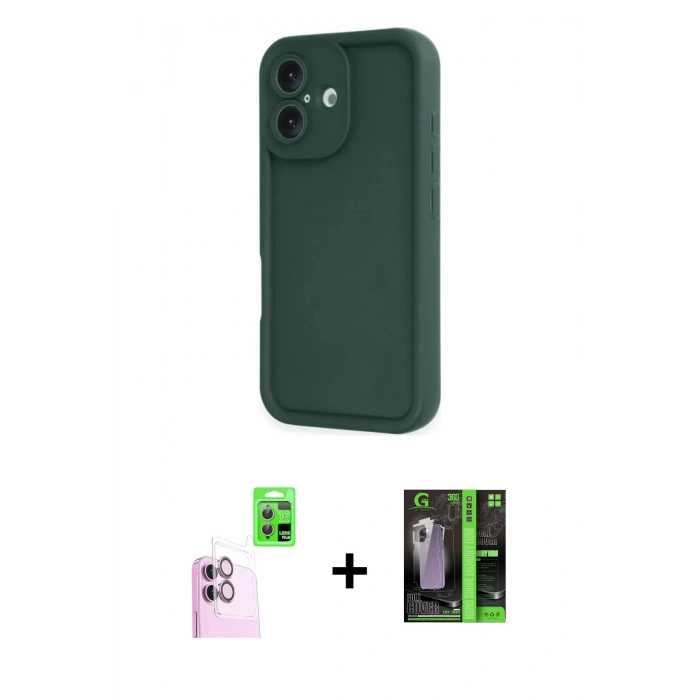 MARSİLYAN™- iPhone 16 Kılıf Yankı Yansıma Özel Seri - Şeffaf 360 Full Body Arka Koruyucu + Raze Metal Kamera Lens - PE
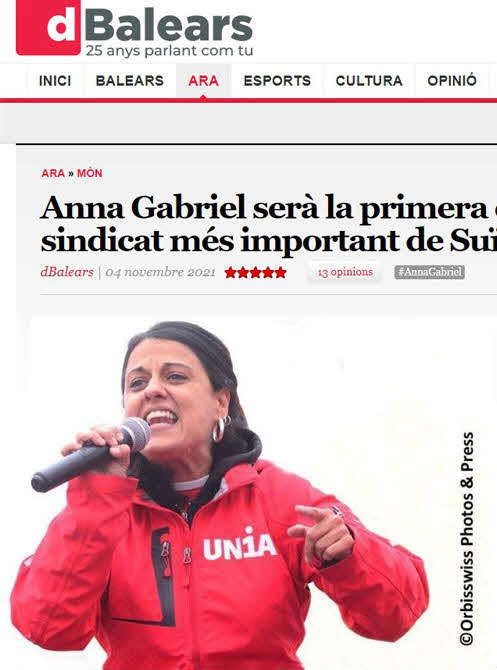 Anna Gabriel - UNIA sindicato mas importante de Suiza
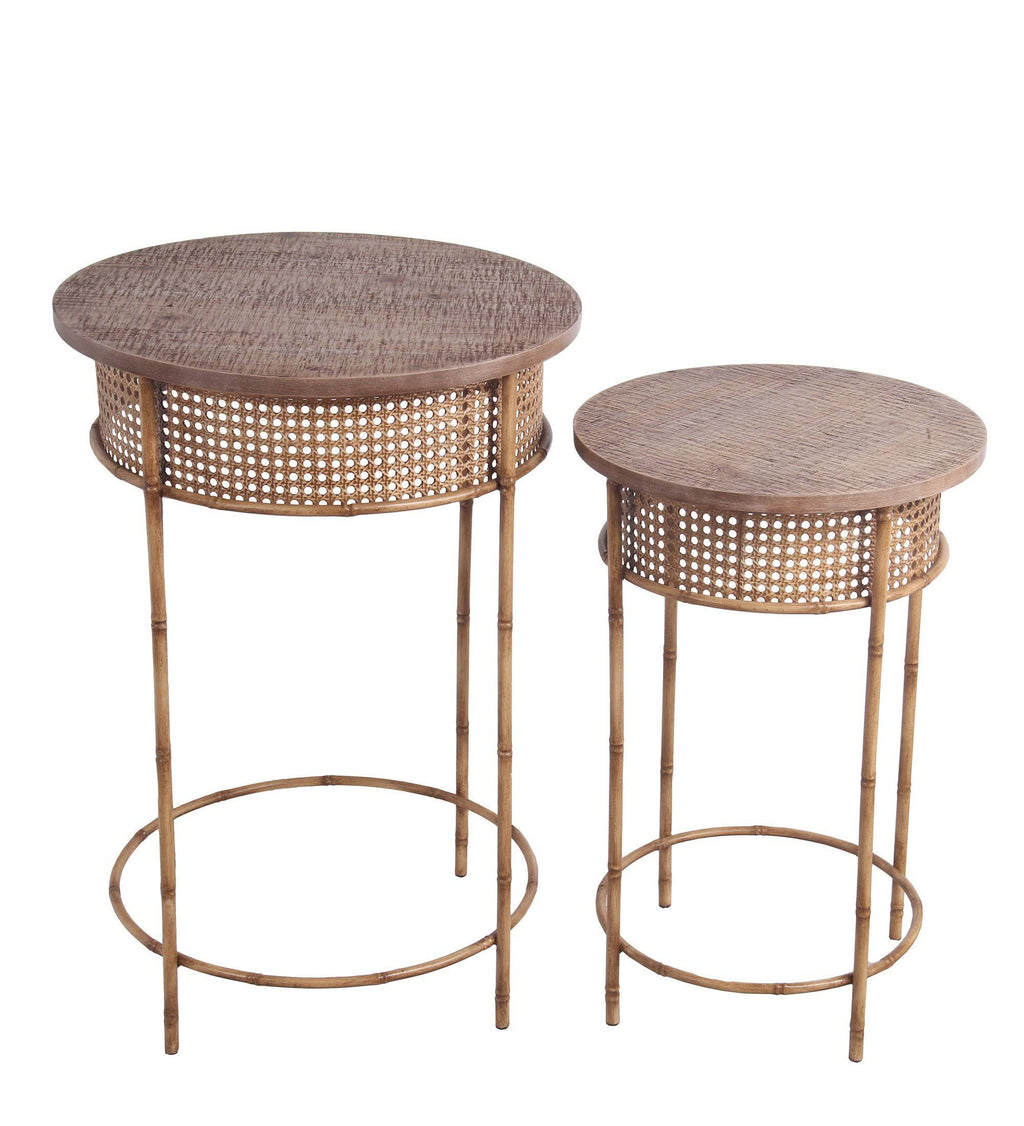Farmhouse Round Top Accent Table Set of 2 Brown G7589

######

_Your objective:_
Starting with the line that holds "Anna Gabriel - UNIA", transcribe exactly each line through the last one of the material above, and nothing else. Do not include pictures.

_Written response:_
 Anna Gabriel - UNIA sindicato mas importante de Suiza
Farmhouse Round Top Accent Table Set of 2 Brown G7589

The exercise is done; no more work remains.